News Releases
Office of Governor Gary Locke
FOR IMMEDIATE RELEASE - March 5, 2001
Contact:  Governor's Communications Office, 360-902-4136

Earthquake drives home need for state transportation improvements

BELLEVUE - Last week's earthquake should drive home the message that Washington will not sustain or grow the economy it has created without significant transportation improvements, Gov. Gary Locke said today.

"The earthquake certainly didn't cause our transportation problems, but it did hold them up to a magnifying glass," Locke told the Bellevue Chamber of Commerce and Downtown Bellevue Association.

Locke said just the cost of repairing earthquake damage to highways, bridges and other elements of the transportation system is almost $100 million. Damage caused to county and city transportation facilities will add much more to that total.

"Be it from an earthquake, an errant barge on Lake Washington or the chronic traffic congestion we face virtually every commute, our saturated transportation system leaves our economy, our jobs and our quality of life quite vulnerable," the governor said.

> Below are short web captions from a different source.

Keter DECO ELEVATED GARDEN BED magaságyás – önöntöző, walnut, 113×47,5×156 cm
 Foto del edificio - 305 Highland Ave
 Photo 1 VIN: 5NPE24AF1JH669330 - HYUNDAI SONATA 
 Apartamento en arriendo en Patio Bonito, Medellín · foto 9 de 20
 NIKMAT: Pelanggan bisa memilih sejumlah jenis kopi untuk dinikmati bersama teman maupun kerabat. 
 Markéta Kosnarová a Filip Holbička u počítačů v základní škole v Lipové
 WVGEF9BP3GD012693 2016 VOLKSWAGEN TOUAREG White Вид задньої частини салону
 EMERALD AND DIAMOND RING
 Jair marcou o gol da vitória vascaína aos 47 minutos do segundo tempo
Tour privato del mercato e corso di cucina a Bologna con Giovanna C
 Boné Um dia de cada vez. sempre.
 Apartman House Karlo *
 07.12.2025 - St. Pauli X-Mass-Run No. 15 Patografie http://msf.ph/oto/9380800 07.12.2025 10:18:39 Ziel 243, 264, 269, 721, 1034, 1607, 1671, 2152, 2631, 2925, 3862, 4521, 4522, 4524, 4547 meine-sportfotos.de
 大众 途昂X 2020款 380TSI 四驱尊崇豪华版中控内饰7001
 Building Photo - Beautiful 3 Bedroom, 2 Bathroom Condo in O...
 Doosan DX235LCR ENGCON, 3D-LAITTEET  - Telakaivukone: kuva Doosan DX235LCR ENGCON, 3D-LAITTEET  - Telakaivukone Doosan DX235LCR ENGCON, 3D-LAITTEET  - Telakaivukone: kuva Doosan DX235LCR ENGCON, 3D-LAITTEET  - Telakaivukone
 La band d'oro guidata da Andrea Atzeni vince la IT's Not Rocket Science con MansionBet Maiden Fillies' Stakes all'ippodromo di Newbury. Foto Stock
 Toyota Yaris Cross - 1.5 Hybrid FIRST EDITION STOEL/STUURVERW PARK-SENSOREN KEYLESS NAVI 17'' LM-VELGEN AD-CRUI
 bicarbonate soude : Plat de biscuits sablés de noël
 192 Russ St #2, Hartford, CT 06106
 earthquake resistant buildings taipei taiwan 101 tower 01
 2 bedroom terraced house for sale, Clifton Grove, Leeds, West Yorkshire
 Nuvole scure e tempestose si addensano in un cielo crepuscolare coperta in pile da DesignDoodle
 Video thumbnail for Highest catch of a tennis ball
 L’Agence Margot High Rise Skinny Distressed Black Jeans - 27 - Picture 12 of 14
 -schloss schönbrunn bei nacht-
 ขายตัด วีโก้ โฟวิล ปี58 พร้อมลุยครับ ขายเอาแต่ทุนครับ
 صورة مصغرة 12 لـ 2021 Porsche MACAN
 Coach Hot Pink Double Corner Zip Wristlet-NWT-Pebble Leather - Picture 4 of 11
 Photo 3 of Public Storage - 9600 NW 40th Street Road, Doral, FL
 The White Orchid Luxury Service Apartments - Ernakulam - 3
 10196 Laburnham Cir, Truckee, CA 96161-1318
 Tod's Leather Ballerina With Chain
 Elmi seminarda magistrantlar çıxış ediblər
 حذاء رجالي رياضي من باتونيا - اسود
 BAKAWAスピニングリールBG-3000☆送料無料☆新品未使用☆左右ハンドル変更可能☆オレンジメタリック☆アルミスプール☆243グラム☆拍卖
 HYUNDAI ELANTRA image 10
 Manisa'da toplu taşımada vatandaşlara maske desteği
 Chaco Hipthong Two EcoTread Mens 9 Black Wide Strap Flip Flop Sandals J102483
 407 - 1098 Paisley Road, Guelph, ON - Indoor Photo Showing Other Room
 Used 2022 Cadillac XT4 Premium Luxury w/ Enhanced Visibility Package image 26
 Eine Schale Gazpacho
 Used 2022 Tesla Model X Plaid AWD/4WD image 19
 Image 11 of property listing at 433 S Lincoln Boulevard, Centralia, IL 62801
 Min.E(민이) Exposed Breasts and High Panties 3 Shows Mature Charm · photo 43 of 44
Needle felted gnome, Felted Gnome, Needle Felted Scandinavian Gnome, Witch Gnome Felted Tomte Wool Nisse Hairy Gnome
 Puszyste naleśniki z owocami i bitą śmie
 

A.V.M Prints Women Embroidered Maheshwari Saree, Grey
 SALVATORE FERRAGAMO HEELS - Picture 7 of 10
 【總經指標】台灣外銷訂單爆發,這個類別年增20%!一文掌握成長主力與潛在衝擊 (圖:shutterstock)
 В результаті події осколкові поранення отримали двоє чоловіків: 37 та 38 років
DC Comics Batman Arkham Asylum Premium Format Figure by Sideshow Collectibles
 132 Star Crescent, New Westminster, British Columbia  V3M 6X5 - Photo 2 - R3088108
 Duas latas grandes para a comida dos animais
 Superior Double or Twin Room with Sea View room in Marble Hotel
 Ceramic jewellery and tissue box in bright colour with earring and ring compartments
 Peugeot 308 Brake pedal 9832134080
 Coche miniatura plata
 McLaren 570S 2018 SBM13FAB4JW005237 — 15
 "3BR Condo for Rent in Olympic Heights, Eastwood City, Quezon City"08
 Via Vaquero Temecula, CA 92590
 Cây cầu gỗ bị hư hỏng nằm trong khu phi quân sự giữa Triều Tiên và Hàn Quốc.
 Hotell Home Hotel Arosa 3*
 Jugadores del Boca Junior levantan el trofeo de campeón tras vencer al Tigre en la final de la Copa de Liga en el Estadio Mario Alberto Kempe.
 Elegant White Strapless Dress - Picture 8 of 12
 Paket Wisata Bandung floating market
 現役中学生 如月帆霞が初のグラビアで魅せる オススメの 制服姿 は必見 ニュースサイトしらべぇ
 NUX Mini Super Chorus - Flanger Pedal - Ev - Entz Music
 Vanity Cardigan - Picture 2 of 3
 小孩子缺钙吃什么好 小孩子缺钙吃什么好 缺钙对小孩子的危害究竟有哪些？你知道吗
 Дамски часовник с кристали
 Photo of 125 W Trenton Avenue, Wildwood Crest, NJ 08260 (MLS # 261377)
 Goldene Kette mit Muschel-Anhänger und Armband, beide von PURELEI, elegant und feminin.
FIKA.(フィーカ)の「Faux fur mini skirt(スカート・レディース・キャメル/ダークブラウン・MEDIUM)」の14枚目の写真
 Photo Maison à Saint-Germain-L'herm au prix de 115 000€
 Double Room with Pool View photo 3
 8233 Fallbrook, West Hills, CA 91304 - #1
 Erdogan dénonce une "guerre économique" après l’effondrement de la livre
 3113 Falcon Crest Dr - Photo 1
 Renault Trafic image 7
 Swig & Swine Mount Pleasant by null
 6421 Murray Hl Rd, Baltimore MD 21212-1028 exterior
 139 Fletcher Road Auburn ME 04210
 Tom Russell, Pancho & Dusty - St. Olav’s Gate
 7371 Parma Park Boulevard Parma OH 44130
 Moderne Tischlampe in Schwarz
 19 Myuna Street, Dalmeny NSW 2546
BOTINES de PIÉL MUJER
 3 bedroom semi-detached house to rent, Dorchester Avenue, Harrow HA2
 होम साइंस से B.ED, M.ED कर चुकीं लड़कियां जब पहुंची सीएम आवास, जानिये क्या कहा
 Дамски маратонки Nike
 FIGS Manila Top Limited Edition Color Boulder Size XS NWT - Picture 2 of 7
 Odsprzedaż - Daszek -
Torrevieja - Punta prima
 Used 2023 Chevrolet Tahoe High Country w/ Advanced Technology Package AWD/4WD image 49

"Taking action on transportation is about saving our economy … saving our jobs … and if you're stuck in traffic, it's about saving your time and sanity," he added.

Locke outlined his transportation plan for this year's Legislature.

The first part is to make it work better, faster and at lower cost.

Then the state must agree on the investments that best meet its top priority projects that will be completed within six years. Finally the state must figure out how to pay for them.

Improvements to the 405 and 520 highway projects will require a state-federal-regional partnership because the state and federal governments alone don't have the $8 billion necessary for them.

"We must empower regions to partner with the state to complete these kinds of major projects," Locke said.

The governor added he would not let the Legislature leave until it passes a transportation package that serves commuters, businesses and shippers.

Locke also said that tomorrow he would announce several energy projects that would provide some 1,500 megawatts of new electricity. That's enough new power to serve a city larger than Seattle.